A new adventure for H is for Home

The finished set up of the H is for Home pitch in Valley Antiques, Hebden Bridge

A new venture/adventure has begun for H is for Home this week. We’ve spent the last couple of days moving into the recently-opened Valley Antiques Centre in Hebden Bridge.

Arriving with stock for Valley Antiques Centre, Hebden Bridge

Arriving with stock for Valley Antiques, Hebden Bridge

We’ve long-fancied having a retail space in Hebden. It’s a lovely little town full of small independent shops; cafés & coffee shops, pubs & bars and art galleries. It’s a great place to spend the day mooching around.
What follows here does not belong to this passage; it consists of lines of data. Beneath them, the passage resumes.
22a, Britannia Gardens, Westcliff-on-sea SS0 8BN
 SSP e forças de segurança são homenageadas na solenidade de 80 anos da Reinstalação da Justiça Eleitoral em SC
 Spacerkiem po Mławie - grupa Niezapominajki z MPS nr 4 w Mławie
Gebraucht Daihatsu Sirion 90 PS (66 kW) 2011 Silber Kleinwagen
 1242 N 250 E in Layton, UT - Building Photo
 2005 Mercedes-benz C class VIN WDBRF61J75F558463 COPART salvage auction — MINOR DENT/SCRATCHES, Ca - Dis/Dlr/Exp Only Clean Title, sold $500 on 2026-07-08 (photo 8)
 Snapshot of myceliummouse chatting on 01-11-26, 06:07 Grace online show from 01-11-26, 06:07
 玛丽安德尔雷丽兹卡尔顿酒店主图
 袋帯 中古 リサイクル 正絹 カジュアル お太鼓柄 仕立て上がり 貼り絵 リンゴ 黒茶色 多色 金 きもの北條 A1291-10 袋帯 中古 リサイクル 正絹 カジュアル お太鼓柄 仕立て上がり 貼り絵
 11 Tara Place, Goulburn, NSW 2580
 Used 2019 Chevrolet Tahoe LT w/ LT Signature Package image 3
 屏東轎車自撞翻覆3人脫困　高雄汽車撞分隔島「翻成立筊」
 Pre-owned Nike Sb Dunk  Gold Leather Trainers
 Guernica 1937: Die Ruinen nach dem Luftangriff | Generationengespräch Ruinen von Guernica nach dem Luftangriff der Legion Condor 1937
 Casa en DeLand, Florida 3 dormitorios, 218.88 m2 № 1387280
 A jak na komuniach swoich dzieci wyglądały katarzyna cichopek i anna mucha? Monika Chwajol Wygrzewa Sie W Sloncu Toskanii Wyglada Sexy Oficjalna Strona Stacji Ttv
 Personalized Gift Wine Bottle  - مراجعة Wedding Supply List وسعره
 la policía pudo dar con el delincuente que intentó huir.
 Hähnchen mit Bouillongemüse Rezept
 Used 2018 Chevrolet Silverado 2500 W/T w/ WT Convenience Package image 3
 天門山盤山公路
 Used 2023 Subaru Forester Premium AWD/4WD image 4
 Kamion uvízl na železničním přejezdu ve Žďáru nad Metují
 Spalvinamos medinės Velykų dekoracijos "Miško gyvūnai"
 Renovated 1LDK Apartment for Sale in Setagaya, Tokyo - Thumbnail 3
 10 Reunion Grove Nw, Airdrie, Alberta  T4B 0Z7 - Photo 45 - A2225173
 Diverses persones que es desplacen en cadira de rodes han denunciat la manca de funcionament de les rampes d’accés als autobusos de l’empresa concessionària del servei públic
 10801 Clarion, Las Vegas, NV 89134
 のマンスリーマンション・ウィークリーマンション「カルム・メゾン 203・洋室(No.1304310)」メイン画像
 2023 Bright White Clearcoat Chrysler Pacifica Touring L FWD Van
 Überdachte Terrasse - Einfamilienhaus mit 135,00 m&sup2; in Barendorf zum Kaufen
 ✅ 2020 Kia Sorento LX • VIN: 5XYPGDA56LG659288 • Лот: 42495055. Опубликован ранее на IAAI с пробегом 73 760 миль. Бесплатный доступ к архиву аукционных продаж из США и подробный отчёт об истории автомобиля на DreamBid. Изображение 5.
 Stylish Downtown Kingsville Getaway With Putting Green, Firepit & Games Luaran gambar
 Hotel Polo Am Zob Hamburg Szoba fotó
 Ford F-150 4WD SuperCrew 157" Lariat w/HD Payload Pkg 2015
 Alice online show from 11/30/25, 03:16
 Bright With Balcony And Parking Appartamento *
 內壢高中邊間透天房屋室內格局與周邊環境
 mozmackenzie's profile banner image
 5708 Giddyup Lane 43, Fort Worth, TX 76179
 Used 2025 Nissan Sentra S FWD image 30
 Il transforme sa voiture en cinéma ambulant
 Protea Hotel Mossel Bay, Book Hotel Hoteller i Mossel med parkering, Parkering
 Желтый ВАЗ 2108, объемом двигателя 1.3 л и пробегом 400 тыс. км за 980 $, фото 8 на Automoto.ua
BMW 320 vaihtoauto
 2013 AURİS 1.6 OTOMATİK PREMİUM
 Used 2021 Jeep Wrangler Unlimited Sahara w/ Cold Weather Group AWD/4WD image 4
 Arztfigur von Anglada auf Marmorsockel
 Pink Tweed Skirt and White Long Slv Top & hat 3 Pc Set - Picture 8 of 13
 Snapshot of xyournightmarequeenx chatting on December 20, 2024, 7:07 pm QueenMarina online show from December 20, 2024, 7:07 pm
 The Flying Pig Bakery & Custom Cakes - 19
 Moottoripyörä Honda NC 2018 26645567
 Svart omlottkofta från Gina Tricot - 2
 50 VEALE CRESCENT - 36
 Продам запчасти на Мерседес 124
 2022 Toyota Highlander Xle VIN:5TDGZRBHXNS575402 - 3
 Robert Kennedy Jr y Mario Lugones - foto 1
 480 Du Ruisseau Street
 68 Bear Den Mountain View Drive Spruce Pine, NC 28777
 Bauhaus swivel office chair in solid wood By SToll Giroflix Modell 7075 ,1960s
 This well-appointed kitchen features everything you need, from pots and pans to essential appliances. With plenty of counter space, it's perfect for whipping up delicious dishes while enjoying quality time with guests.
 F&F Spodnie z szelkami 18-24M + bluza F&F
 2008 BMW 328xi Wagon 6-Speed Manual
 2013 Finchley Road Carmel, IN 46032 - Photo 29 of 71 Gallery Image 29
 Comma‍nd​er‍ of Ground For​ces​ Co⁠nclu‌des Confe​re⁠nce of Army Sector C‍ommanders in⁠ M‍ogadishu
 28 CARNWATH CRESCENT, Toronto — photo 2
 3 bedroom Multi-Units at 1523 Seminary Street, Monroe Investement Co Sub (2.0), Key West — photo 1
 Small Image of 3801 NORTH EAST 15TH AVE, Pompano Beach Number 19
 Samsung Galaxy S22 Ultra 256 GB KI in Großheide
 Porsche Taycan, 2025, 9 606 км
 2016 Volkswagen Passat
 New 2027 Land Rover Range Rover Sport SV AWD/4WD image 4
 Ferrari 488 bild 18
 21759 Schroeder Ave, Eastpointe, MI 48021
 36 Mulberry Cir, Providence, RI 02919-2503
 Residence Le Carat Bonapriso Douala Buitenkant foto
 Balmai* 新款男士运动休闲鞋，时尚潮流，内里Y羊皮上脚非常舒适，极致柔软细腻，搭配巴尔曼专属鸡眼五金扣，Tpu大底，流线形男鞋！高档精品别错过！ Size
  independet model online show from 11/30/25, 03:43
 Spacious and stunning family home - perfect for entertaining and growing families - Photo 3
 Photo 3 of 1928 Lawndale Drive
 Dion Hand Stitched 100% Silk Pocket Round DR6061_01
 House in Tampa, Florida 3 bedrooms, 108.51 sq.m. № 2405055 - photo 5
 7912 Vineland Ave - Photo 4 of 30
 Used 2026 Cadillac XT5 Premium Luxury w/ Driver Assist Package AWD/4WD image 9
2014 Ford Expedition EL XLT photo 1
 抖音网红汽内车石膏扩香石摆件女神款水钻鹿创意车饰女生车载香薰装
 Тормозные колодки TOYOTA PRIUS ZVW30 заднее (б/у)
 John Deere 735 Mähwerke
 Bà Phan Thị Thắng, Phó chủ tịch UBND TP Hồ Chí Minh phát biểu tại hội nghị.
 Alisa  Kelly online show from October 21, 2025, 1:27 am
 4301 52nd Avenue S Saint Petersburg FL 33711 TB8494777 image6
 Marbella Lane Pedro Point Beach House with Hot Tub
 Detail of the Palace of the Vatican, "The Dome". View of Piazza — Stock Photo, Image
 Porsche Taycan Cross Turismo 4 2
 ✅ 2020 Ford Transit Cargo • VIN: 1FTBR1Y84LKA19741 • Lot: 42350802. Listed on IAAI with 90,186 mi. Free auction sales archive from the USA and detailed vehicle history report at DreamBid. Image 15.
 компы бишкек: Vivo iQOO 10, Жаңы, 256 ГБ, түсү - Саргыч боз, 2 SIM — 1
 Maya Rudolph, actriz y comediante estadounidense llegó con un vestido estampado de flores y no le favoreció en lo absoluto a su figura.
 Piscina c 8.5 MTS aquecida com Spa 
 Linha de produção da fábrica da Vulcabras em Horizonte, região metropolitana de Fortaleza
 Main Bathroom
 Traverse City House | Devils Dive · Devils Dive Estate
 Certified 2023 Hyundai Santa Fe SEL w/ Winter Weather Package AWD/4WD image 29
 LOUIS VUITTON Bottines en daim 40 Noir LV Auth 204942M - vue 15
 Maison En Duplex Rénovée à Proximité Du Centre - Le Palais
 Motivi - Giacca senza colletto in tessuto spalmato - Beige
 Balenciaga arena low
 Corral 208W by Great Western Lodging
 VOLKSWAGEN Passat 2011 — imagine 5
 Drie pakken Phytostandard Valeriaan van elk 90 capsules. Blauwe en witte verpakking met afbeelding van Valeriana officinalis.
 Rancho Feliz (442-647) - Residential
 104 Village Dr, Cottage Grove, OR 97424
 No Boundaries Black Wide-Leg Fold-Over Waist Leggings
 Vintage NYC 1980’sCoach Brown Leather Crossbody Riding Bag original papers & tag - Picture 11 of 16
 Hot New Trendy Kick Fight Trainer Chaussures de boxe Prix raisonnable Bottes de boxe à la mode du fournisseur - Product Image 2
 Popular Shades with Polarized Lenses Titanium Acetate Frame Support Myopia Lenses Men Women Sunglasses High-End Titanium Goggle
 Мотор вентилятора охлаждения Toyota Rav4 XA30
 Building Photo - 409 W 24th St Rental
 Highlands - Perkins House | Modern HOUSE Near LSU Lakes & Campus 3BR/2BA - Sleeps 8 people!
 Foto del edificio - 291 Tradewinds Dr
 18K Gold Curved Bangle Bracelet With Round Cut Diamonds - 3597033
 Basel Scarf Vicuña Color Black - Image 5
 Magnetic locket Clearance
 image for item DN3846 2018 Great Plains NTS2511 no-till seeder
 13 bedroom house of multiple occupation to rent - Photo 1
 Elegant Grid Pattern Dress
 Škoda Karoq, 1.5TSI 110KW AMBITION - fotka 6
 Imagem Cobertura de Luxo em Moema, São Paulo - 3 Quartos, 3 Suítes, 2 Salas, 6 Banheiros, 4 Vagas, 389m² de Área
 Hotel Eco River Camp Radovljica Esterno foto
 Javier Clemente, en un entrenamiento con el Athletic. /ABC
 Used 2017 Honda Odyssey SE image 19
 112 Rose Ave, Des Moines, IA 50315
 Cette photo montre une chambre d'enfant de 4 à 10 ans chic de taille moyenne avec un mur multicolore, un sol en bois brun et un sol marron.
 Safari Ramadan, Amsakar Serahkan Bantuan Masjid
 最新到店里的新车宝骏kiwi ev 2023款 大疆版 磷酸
We actually lived here when we first moved to Yorkshire from Brighton back in 2000.

Hanging the H is for Home banner in our new pitch

Arriving with stock for Valley Antiques, Hebden Bridge

Despite recently moving to Wales, it will be nice to maintain an ongoing relationship with the town, Todmorden and the Calder Valley, in general.

Hanging vintage fabric in our new pitch

Hanging vintage fabric in our new pitch

We’ve secured a decent-sized space, big enough for furniture and smaller vintage items such as fabric, lighting, artwork and kitchenalia – and all manner of decorative things for the home.

Corner of our new pitch Corner of our new pitch

Vintage trestle table in our new pitch

Valley Antiques Centre has only been open a couple of months, it’s looking great and is packed full of interesting and quirky stuff from a number of dealers. It’s well run, and you’ll receive a warm welcome from Jan, who has launched the centre – or one of the other dealers on hand.

Vintage wooden printers blocks

Antique brass candle holders

We’ve included these photos to show you how we’re getting on – and to showcase the kind of stock you’ll find on our pitch. In future posts, we’ll highlight other dealers and their wares.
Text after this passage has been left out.